Monday, July 19, 2004

HOME

The sun is high at six in the evening as the train pulls into South Bend. For the last half hour of the ride it has raced along the tracks, across the green fields and through the trees and the little hidden rivers. As the train turns into our city we all look out on it and at the setting sun as if we’ve never seen a Walgreens, never seen a Masonic Lodge, never seen a landing strip before. We are all filled with wonder and gladness to return home.
No matter how good the trip was, no matter how enjoyable the journey to friends or place may have been there is nothing like the journey home and the walk into one’s own house.

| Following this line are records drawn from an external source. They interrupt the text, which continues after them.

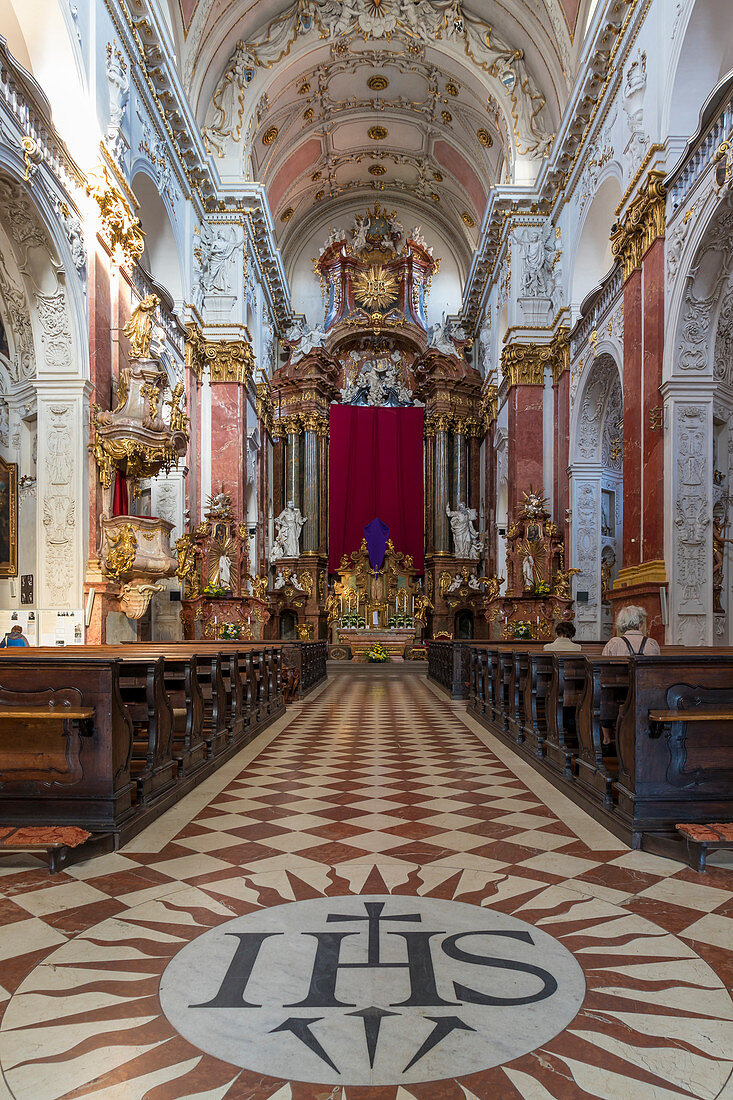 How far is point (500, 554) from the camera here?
20.8 meters

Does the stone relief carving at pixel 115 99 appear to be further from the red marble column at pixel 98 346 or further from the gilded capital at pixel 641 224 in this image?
the gilded capital at pixel 641 224

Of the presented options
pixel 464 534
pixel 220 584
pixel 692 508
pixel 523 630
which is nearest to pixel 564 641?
pixel 692 508

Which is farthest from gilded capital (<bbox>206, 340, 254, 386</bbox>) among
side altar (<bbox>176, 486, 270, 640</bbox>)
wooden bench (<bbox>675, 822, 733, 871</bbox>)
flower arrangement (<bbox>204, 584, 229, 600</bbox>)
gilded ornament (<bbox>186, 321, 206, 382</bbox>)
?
wooden bench (<bbox>675, 822, 733, 871</bbox>)

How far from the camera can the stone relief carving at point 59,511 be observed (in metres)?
8.66

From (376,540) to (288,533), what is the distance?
116 inches

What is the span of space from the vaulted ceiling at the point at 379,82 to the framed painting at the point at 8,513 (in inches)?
391

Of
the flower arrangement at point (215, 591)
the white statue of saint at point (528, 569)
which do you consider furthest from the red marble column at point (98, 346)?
the white statue of saint at point (528, 569)

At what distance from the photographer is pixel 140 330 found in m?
9.60

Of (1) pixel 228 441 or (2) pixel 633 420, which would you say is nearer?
(2) pixel 633 420

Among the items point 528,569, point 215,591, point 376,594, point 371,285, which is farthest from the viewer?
point 371,285

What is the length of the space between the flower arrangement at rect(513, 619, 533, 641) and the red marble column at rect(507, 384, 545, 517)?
3.29 m

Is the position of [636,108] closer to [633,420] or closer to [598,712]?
[633,420]

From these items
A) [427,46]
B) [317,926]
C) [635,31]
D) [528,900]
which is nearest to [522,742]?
[528,900]

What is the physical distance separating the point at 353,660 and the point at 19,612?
42.2ft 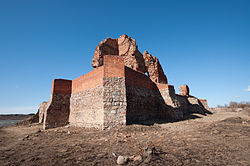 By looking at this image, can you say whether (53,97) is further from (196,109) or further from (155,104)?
(196,109)

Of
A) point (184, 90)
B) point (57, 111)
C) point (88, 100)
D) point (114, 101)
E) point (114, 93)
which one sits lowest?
point (57, 111)

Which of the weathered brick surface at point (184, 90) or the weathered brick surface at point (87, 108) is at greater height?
the weathered brick surface at point (184, 90)

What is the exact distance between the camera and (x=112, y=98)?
832 centimetres

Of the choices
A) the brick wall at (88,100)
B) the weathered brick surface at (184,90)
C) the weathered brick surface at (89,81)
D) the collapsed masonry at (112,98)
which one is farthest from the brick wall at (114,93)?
the weathered brick surface at (184,90)

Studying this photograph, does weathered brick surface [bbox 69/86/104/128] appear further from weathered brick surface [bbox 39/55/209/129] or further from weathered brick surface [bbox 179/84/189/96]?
weathered brick surface [bbox 179/84/189/96]

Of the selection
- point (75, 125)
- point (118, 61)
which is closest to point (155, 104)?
point (118, 61)

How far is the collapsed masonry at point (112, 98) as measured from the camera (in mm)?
8273

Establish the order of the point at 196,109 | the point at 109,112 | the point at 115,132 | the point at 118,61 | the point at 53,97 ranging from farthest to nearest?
1. the point at 196,109
2. the point at 53,97
3. the point at 118,61
4. the point at 109,112
5. the point at 115,132

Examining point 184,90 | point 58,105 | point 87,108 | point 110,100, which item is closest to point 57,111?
point 58,105

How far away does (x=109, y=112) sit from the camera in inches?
310

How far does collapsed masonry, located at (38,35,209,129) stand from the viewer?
827 centimetres

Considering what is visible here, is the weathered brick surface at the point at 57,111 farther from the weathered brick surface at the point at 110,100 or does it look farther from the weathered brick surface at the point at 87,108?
the weathered brick surface at the point at 87,108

There is no relaxation like that the body takes when the feet plant themselves on the floor and seem to reach, like plant roots into the ground and draw up strength from being in this place: home.
People who have never loved their home don’t understand. People who have never been rooted to a palce cannot know what this is like. To come home and say, “New York was nice, yes. But it wasn’t South Bend. To travel to Amsterdam and say, “Well, yes, there were plenty of museums and the canals were lovely. But you can’t get two packs of Marlboros for four dollars at the Speedway gas station.”
Americans are addicted to rootlessness and in love with places they don’t belong. We are supposed to like our big cities and our individual lives and run from our families and the places that sustain us. But two days from Chicago were two days I couldn’t see the sky, and felt disconnected from the land. The neighborhoods on the North End now aren’t like the old neighborhoods, or like my neighborhood where everyone knows everyone else and everyone’s sister and mother and grandmother, where everyone is tangled together in invisible webs. Here, in my city there are buses and trains and cabs but courtesy is not simply a formality. You WILL see this cab driver again. So you’d better behave. This bus driver is your girlfriend’s cousin. So you are connected. Everything is related to everything. The woman at the cigarette shop with not charge you for what you bought today because she likes you. The librarians will wave your fines. If you ask a waitress for free dessert she will think about it a moment, and then come out with one. Money is not quite as powerful as sheer decency. On the busy streets of down town lawyers wave to you, the trolley drivers lean out their windows and shout to you. You must give to the bums because, yes… they know you. You are wholly responsible, wholly cared for, wholly a part of this city and, therefore… whole.

2 comments:

Anonymous said...

Hey Chris. I'm tired and past writing today, but I had to stop by and let you know that this and the last post spoke to me, reached me.

Home is a strange subject and perhaps one that I ought to explore, because part of my malaise is the feeling that I don't have a home.

andrew

Chris said...

Home's funny because the feeling can come and go. Often it helps to leave just to appreciate what you left behind.